IPv6 is the newest version of the Internet Protocol. Although much software and hardware has IPv6 support, less than 1% of internet users actually can establish a native connection to any given host. Most connections use IPv4, the previous version.
I’m still a novice myself, so I’ll point you to other, better-written articles:
It’s worth understanding IPv6 because it will eventually replace IPv4. All 4 billion addresses in IPv4 have been allocated, so it’s only a matter of time before new computers/devices are forced to have an IPv6 address only.
Hurricane Electric has a “certification” page where you can learn about and test your knowledge of IPv6.
Differences in IPv6
In addition to the larger address size, there are many other differences from IPv4, including:
- IPv6 does the same thing as IPv4 (route network traffic), but they are basically incompatible and independent from each other. Except in cases of IPv4<->IPv6 translation, the only thing they share is their name.
- IPv6 uses a different notation. Instead of 192.168.0.4, for example, an IPv6 address includes hexadecimal numbers, is separated by colons, and is naturally longer — for example, 2001:0db8:85a3:0000:0000:8a2e:0370:7334.
- IPv6 is a “global unicast” protocol — you can theoretically communicate with any other device on the internet using its IPv6 address.
- Network address translation (NAT) is no longer needed. However, the inherent firewall in NAT is then gone, so your computer or network needs an IPv6-enabled firewall. The IETF is considering an IPv6 NAT specification so there can be a built-in capability for firewalling and private addressing / services, but don’t hold your breath.
- DHCP is no longer needed for address allocation — IPv6 has autoconfiguration.
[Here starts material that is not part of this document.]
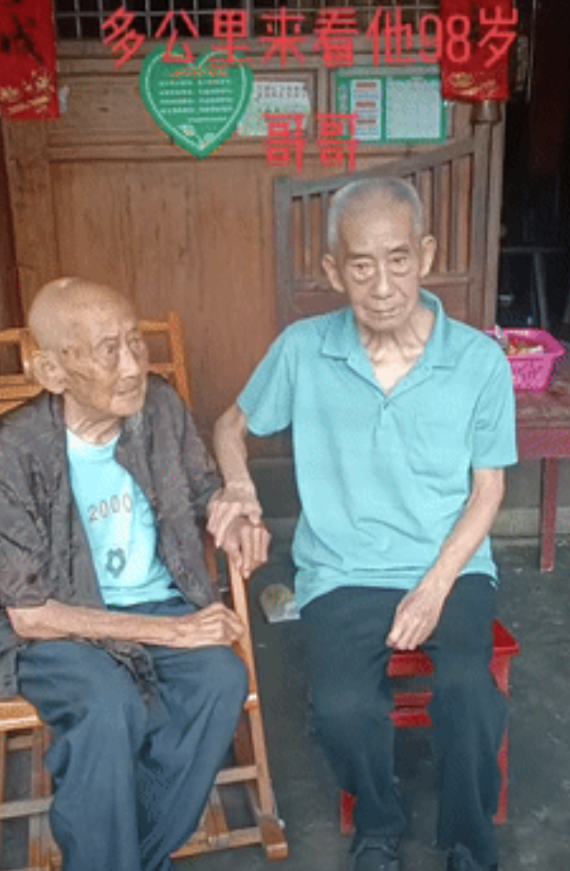 “泪目了！”湖南一93岁高龄老人，携家人不远万里，踏上了跨越800公里的探亲之路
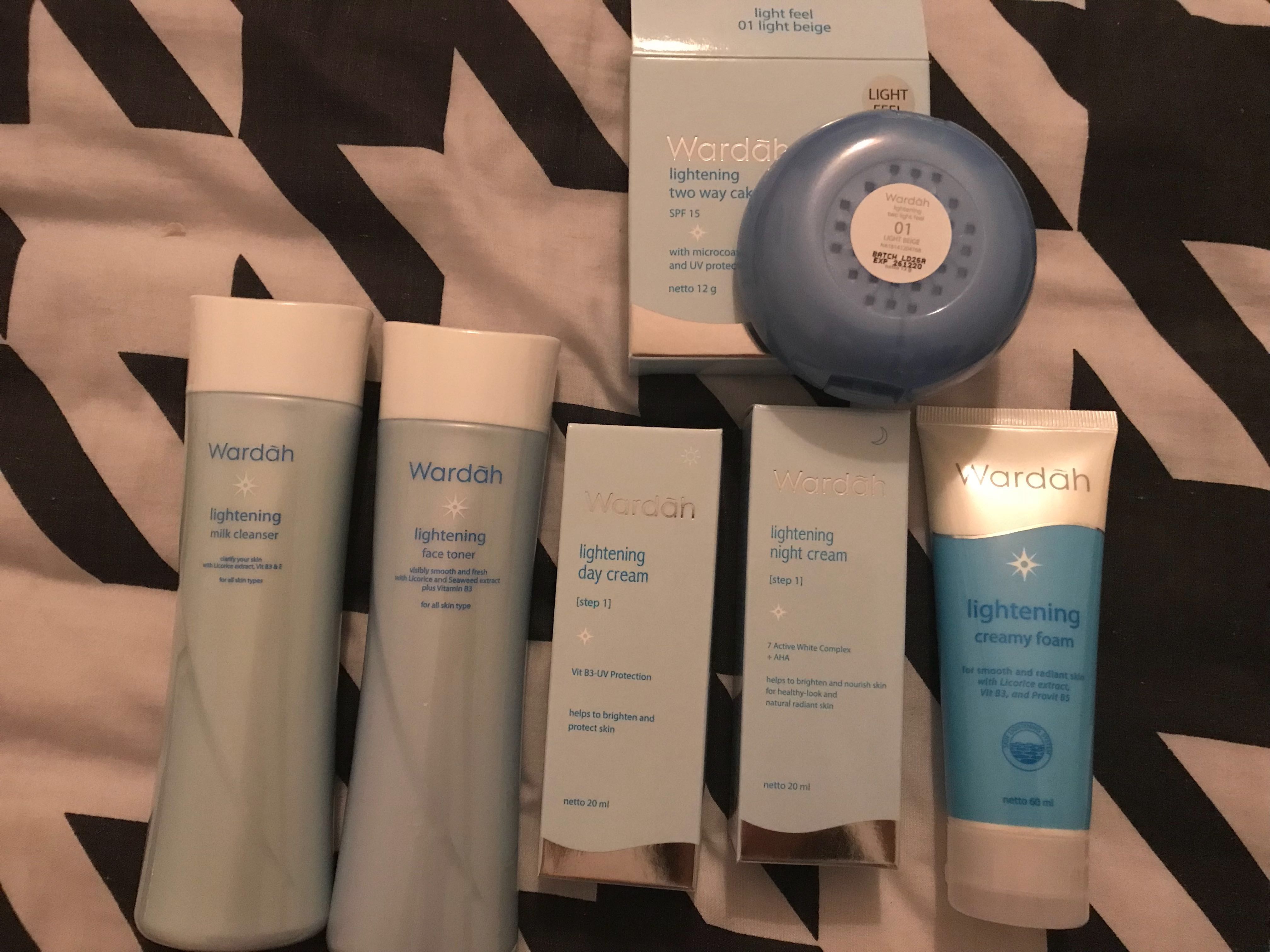 Wardah Lightening Series Beauty Personal Care Bath Body Body Care On Carousell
However, you might still need a DHCPv6 server (also completely different from DHCP) to advertise the DNS servers. DHCPv6 is not supported on OS X or Windows XP.
- DNS has a record type called AAAA (quad-A) for IPv6 lookups. For reverse lookups, you still use PTR records (but in a different format).
World IPv6 Day
World IPv6 Day is a chance to see a large-scale deployment of IPv6 and raise awareness, since the tech community has been slow to adopt it. It’s also a chance to see what kind of problems arise, since IPv6 is incompatible with IPv4.
The 24-hour switch starts at midnight UTC, or 7pm on Tuesday for those of us in the Central US timezone.
More about the day:
IPv6 will be running simultaneously as IPv4 on these sites (dual stack), so the vast majority of users won’t see any difference. Most computers prefer IPv6, but will fall back to IPv4 if necessary.
However, there have been implementation bugs in the past, so a small group of internet users (less than 1%, which could still mean millions of people) may have trouble connecting to these sites. This would appear as either no connectivity at all, or a long delay as the computer waits for the connection to time out before switching to IPv4.
Here is more information about preparing:
- Short video on the official website
- A testing website where users can see how their computers + network stacks up
Transitioning to IPv6
Obviously it makes sense to help customers make their networks and systems be IPv6-ready. A small office network would be a good place for experimenting and testing.
More about transitioning:
- Ars Technica: There is no Plan B: why the IPv4-to-IPv6 transition will be ugly
- Ars Technica: IPv6 firewalling knows no middle ground
- Slides from talk “IPv6 Deployment on Production Networks” (specifically, some networks of the federal government)
Note that because IPv6 is so different from IPv4, there are different versions and tools for working with it — for example, ping6.